Neighbors are fighting. Can I knock on the wall and ask them to speak up so I know whose side I’m on?

I’m so high at Home Depot right now, and I have to ask where the hose at. And I know I’mma laugh when I do.

Fellas, if your lady is mad, ask her if it’s because she’s put on some weight. That’ll calm her down.

I don’t know the difference between “gray” & “grey” and I’m too scared to even ask.

Ask your doctor if it’s right for you to eat oranges and pretend they’re planets and you’re a Greek god.

I eat my first meal of the day in the afternoon, bro. Don’t ask me for advice.

People always ask me “Do you believe in God?” and I say of course it’s important to have self-belief.

I think if you ask Kanye for a million at the right time, he’ll give it to you.

You have one week to ask me to be your Valentine. Requests must be in the form of poetic verse written in your blood.

Why do people think it’s ok to ask why a person is single? I don’t ask why you’re unhappily married.

Mocktails are awesome because they ask the question ‘how much could juice cost?’

Hate when people ask “why is it called Silence of the Lambs?” Like, did you hear any lambs during the movie? Use your head!

Don’t blame a clown for acting like a clown. Ask yourself why you keep going to the circus.

What doesn’t kill you will text you in 5 months to ask “What are you doing?”

I will play my favorite song until the artist comes out of my phone to ask for water.

Adult life sucks. Friends don’t even ask to see how fast you can run in your new shoes anymore.

You gotta ask people nowadays, are you single single, mad at your partner single, blocked single or single just in your head.

Christmas bonus so small you have to call your bank and ask “is it in yet?”

Did you ever stop to ask how Mercury feels about being in retrograde?
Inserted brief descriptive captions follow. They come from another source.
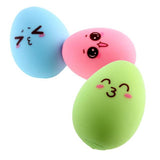 Load image into Gallery viewer, Squeeze Egg Toy - 6cm

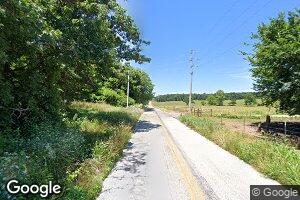 0 County Road 20, Sarcoxie, MO 64862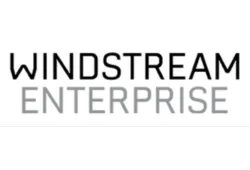 Windstream Enterprise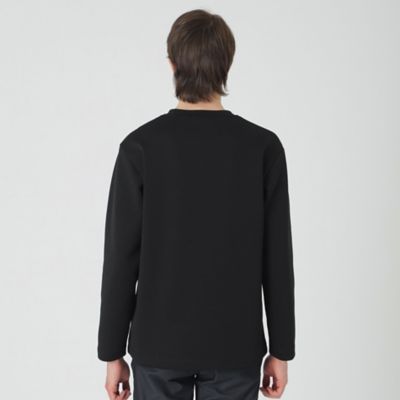 ✨美品✨ブラックレーベル セットアップ グレー CBチェック サイズS 一部店舗限定】サイドチェックカットソー（51P63573＿＿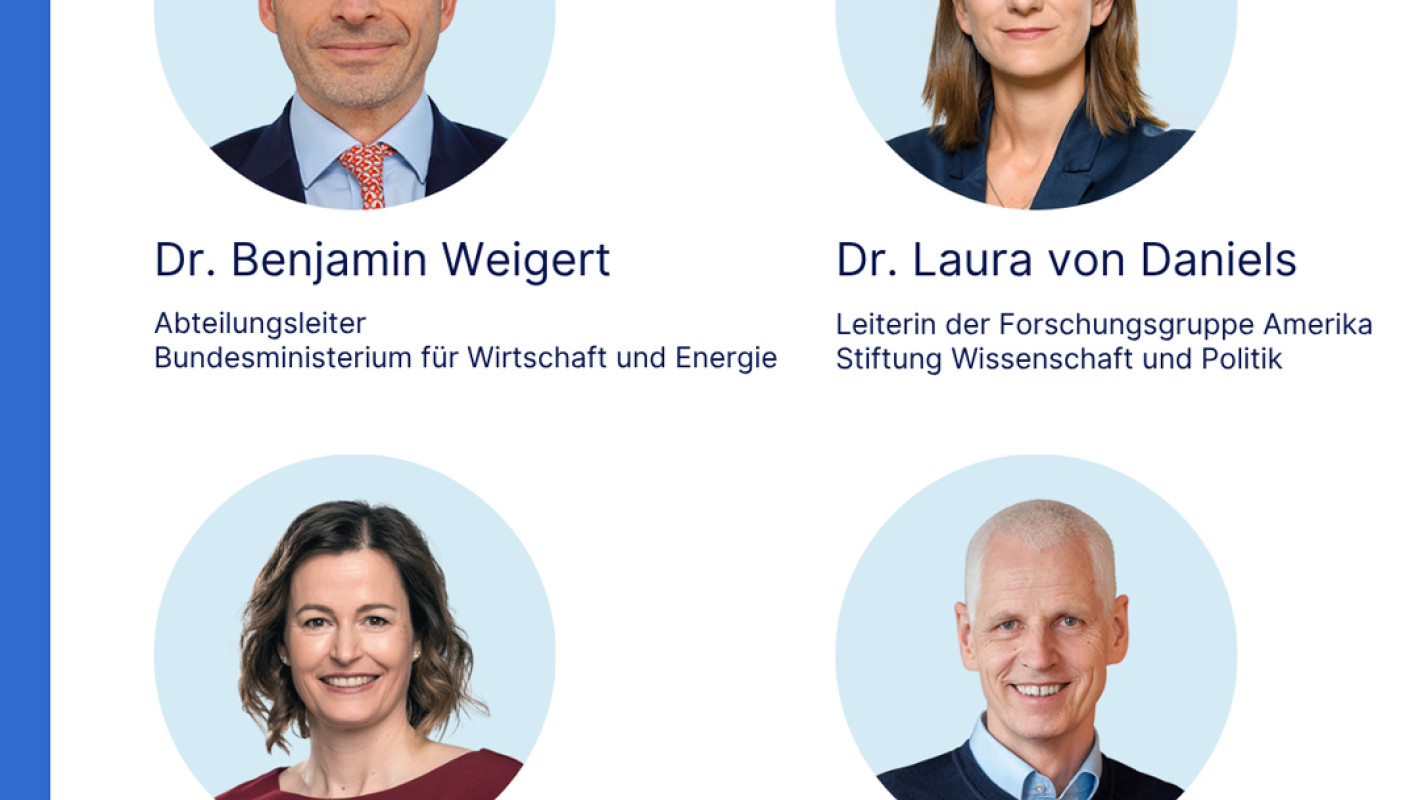 Kachel Veranstaltung Leitwaehrungen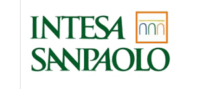 intesa-san-paolo-logo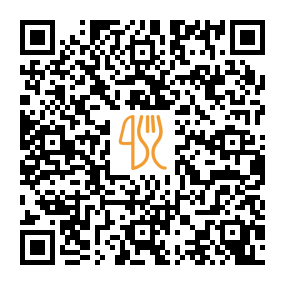 QR-code link către meniul Sherwood 07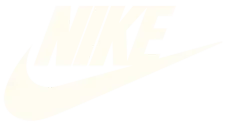 Nike logo
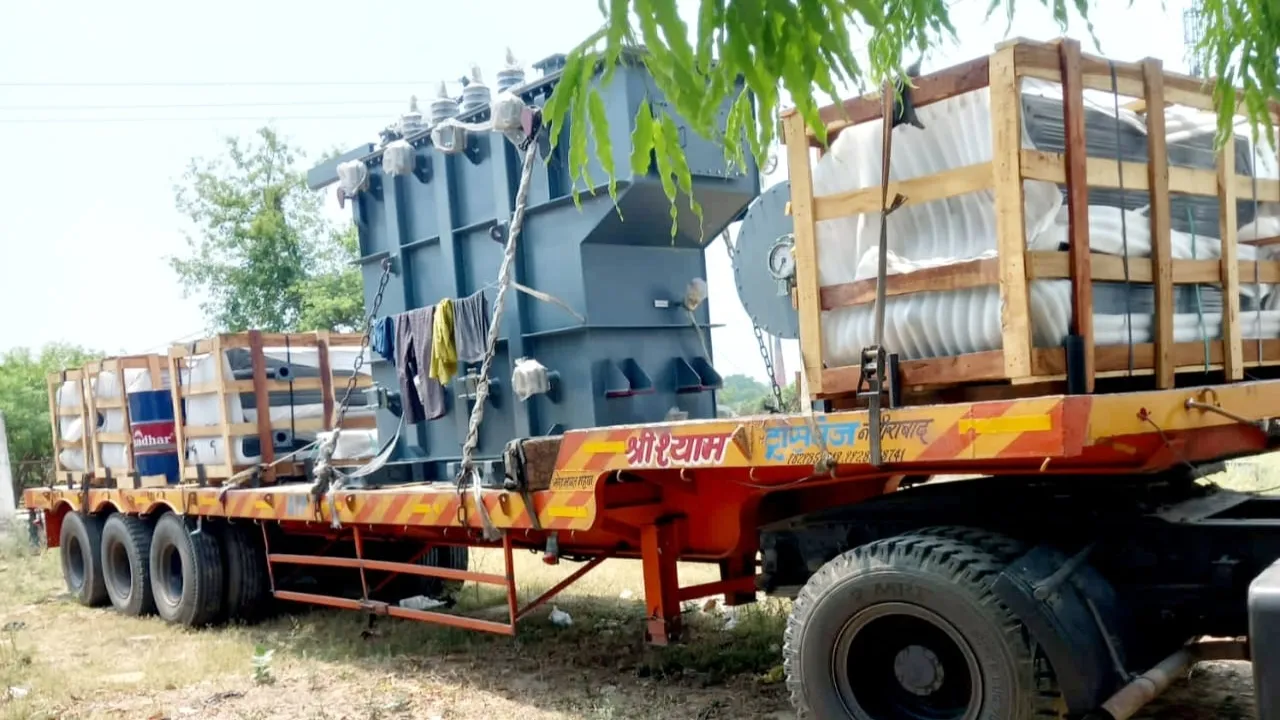 गोंडा में बड़ी आबादी झेलेगी बिजली संकट, धानेपुर और मेहनौन उपकेंद्र पर चलेगा ये काम 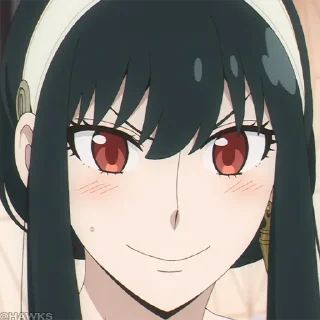 🗡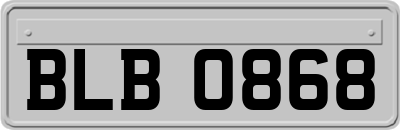 BLB0868
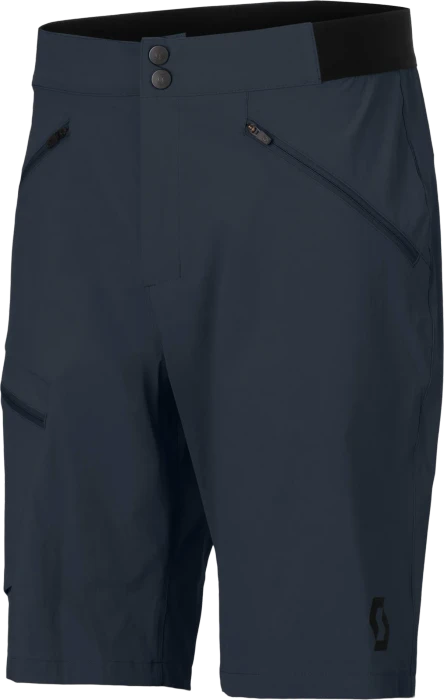 Scott Explorair Light Hose kurz (Herren)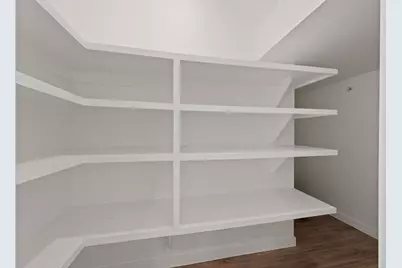 4901 Springdale Road #106, Austin, TX 78723 - Photo 12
No, because you only think about yourself.

If you’re alone on Thanksgiving, venmo me $25 and I’ll call and ask you when are you gonna get a “real” job and give me grandchildren.

When they ask “how was your weekend?” answer “better than yours” and maintain eye contact.

People ask you, “are you crazy”, and then get scared when you answer, “yes”.

If you tell me to make myself at home, I’m going to ask you to leave.

Telling my boss I wasn’t drunk really backfired. I probably should have waited until he asked.